“I said it was a woman!” exclaimed Norah.

“Well, maybe,—maybe. Anyhow the check was drawn after the ones made out to Smith and the Driggs woman. So, the payee of that last check was in here later than the other two.”

“Who was she?” was Norah’s not unnatural inquiry.

But Hudson merely looked at her, with a slight smile that she should expect an answer to that question.

“Oh, all right,” she retorted; “I see her hatpin is still here.”

“If that there hatpin is a clew, you’re welcome to it. We don’t think it is. Mr. Gately had frequent lady callers, as any man’s got a right to have, but because they leaves their hatpins here, that don’t make ’em murderers. No, I argue that if a woman shot Mr. Gately she would be cute enough not to leave her hatpin by way of a visitin’ card.”

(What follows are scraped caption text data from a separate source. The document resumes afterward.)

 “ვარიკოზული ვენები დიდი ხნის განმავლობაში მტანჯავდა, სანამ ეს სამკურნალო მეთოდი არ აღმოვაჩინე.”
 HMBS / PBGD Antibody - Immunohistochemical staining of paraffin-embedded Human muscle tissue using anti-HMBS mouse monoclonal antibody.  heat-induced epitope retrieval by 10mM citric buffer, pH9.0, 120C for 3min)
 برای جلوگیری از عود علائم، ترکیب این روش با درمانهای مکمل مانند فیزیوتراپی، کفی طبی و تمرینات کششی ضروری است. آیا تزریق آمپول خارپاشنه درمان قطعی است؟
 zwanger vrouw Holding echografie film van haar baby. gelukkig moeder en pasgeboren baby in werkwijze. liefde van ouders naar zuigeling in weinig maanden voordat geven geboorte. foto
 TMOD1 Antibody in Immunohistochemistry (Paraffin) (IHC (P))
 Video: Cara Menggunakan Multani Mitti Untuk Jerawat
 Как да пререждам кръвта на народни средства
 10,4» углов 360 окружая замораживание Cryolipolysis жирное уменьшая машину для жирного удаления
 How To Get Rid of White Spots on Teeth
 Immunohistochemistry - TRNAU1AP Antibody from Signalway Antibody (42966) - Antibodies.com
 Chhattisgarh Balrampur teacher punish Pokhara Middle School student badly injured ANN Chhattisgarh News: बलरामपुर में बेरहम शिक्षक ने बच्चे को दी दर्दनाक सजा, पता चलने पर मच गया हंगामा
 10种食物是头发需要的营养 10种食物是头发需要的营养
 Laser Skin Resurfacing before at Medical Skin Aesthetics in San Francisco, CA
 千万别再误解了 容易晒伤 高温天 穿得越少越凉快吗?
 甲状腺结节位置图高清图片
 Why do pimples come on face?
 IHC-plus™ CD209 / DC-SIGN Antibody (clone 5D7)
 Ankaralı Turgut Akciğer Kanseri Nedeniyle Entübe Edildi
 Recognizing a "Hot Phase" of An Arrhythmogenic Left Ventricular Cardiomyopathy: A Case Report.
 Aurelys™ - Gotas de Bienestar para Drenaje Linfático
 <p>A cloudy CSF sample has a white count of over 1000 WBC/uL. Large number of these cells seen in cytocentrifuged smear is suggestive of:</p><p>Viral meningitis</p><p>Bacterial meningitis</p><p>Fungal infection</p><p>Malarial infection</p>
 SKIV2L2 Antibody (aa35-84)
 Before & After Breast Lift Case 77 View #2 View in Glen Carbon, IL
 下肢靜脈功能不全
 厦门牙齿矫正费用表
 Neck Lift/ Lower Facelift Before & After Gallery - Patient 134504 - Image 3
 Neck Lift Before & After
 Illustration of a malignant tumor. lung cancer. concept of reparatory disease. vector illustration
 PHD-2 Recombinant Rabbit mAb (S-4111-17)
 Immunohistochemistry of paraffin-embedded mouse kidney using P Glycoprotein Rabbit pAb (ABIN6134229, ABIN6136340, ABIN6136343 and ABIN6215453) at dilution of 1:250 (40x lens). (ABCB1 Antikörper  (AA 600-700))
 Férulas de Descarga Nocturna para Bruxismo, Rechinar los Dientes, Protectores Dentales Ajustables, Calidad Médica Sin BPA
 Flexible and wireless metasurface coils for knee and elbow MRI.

This raised Hudson’s mentality in my opinion, and I could see it also scored with Norah.

“That’s true,” she generously agreed. “In books, as soon as I come to the dropped handkerchief or broken cuff-link, I know that isn’t the property of the criminal. But, all the same, people do leave clews,—why, Sherlock Holmes says a person can’t enter and leave a room without his presence there being discoverable.”

“Poppycock,” said Hudson, briefly, and resumed his cogitation.

He was sitting at ease in Mr. Gately’s desk-chair, but I could see the man was thinking deeply, and as he had material for thought that he wasn’t willing to share with us, I returned to my own searching.